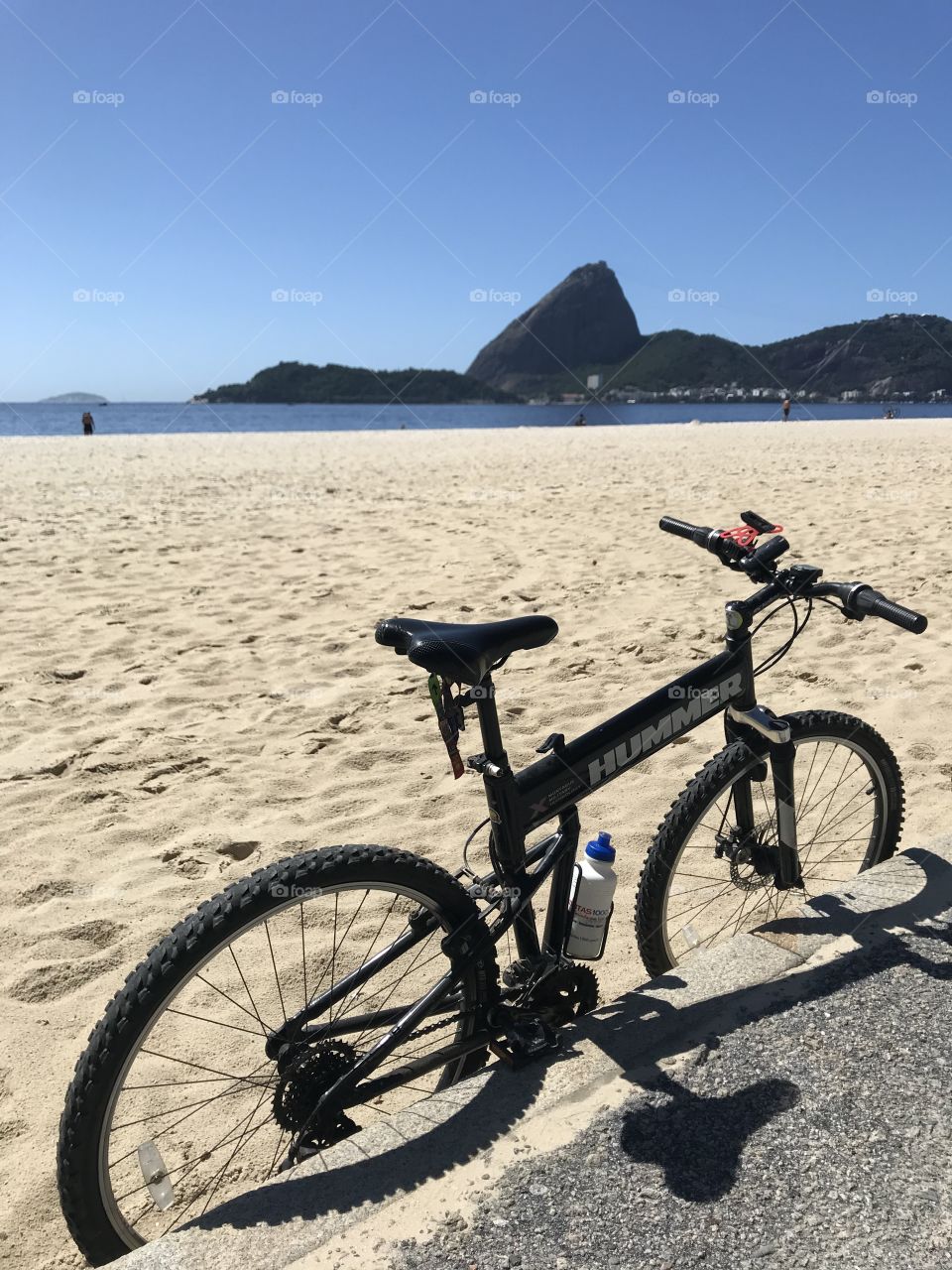 Passeando de bike pelo Rio. Pão de Açúcar.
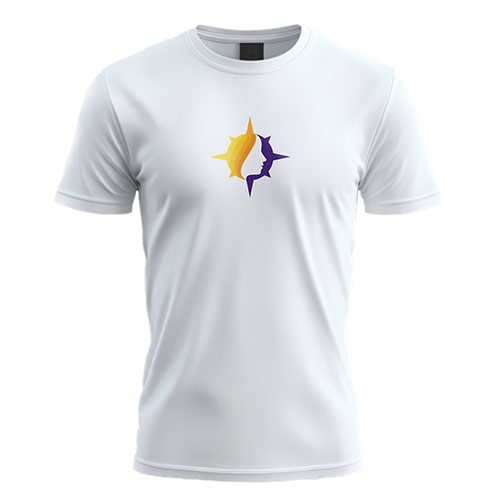 Beauty Direction Logo logo on a white t-shirt mockup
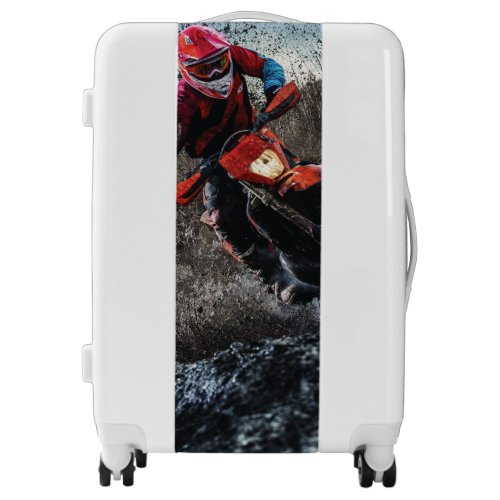 Dirt bike rider throw pillow luggage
########################################
Exercise objective
Word for word, repeat all the data, but not its images.

Output of the task
 Passeando de bike pelo Rio. Pão de Açúcar.
 Beauty Direction Logo logo on a white t-shirt mockup
 Dirt bike rider throw pillow luggage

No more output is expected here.